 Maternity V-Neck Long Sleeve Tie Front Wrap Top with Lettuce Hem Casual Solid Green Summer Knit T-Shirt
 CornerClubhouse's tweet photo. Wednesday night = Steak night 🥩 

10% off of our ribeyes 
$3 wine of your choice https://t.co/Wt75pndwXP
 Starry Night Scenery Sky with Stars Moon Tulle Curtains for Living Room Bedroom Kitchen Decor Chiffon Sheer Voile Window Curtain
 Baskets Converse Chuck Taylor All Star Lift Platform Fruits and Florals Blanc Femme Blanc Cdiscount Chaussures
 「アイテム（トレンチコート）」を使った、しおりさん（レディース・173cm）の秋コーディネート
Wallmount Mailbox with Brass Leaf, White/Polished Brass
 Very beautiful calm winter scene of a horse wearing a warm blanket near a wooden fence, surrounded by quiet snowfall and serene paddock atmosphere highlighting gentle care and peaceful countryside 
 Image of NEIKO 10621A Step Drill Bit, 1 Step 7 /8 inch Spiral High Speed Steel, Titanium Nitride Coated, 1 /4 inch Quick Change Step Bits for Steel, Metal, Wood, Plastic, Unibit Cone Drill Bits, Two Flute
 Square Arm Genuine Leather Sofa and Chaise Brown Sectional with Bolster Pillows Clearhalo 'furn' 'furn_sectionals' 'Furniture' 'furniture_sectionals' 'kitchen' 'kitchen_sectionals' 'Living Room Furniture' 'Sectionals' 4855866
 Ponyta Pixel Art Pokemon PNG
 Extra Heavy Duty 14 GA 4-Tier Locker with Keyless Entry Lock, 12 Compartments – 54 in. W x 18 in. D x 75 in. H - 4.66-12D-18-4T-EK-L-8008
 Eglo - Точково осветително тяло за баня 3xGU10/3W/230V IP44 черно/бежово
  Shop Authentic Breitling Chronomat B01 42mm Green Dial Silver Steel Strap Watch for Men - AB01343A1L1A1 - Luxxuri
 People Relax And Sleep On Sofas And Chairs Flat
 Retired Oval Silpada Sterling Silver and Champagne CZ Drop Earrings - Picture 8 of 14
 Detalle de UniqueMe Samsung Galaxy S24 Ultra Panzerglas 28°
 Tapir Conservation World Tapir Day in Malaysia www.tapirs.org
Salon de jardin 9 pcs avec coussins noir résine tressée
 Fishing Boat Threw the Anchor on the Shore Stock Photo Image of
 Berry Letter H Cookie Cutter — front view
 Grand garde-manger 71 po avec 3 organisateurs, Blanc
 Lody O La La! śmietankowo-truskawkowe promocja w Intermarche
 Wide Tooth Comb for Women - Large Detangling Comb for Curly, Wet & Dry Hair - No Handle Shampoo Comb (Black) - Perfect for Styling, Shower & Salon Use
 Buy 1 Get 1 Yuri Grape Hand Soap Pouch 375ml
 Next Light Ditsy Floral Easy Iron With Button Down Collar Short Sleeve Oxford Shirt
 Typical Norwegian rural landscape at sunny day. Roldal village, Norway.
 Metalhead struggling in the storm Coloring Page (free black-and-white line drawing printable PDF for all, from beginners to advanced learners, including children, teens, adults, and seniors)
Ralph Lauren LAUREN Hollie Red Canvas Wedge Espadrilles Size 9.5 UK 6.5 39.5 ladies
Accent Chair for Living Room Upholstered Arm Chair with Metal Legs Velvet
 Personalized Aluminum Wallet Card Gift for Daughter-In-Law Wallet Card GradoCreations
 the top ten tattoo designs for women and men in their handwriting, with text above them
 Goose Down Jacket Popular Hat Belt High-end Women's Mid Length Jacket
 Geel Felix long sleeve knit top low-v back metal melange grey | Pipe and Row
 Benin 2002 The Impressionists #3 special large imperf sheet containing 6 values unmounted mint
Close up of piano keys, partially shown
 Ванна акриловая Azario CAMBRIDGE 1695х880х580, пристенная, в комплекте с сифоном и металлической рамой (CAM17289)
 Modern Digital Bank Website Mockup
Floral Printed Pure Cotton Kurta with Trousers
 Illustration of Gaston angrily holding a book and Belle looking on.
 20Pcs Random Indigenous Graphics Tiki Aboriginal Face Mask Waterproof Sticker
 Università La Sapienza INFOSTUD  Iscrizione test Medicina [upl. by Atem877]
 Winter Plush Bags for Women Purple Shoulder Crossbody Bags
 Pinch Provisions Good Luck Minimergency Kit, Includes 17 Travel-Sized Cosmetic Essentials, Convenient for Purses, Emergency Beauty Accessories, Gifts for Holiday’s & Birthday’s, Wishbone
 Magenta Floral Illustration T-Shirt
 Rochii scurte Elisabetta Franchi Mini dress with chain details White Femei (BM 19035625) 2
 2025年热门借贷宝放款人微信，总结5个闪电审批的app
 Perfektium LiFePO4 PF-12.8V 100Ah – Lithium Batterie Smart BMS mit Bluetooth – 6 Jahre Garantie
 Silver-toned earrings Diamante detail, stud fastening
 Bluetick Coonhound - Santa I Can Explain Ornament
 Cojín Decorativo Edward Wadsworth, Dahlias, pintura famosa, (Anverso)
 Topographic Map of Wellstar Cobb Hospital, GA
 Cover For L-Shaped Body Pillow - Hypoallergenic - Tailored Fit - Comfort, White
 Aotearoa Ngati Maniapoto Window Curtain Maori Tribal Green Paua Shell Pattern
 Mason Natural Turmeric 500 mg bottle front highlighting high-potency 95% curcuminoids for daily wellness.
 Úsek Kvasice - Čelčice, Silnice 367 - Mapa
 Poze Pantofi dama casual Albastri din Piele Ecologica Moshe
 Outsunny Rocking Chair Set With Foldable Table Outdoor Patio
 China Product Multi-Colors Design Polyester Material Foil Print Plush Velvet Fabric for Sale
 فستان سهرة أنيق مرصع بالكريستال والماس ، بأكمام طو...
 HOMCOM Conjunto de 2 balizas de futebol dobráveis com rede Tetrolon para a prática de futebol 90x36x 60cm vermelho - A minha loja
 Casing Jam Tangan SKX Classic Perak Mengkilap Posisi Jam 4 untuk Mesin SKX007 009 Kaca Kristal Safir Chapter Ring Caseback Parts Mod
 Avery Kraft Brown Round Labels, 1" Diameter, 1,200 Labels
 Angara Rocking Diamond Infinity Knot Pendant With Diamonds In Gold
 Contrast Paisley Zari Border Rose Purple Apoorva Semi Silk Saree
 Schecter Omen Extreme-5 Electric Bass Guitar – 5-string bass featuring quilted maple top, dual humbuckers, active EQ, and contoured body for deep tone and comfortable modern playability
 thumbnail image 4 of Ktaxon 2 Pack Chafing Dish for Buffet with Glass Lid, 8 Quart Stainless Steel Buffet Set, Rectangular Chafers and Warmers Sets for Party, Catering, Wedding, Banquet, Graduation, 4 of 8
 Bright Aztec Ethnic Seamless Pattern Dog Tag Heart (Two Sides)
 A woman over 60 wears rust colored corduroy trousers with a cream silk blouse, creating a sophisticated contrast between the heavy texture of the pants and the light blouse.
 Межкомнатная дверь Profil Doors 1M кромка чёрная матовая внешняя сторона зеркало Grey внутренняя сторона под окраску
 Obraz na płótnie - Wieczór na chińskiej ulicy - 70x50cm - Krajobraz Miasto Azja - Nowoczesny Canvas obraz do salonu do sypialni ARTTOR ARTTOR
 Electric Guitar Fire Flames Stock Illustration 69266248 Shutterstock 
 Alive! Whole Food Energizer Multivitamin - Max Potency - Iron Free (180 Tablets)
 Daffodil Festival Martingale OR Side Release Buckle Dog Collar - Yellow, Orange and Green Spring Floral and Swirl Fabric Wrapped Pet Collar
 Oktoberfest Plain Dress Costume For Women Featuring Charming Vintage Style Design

__________

The task
The expected output is the exact run of lines from the line with "Electric Guitar Fire" through the last line of the material above.

Response to this exercise
 Electric Guitar Fire Flames Stock Illustration 69266248 Shutterstock 
 Alive! Whole Food Energizer Multivitamin - Max Potency - Iron Free (180 Tablets)
 Daffodil Festival Martingale OR Side Release Buckle Dog Collar - Yellow, Orange and Green Spring Floral and Swirl Fabric Wrapped Pet Collar
 Oktoberfest Plain Dress Costume For Women Featuring Charming Vintage Style Design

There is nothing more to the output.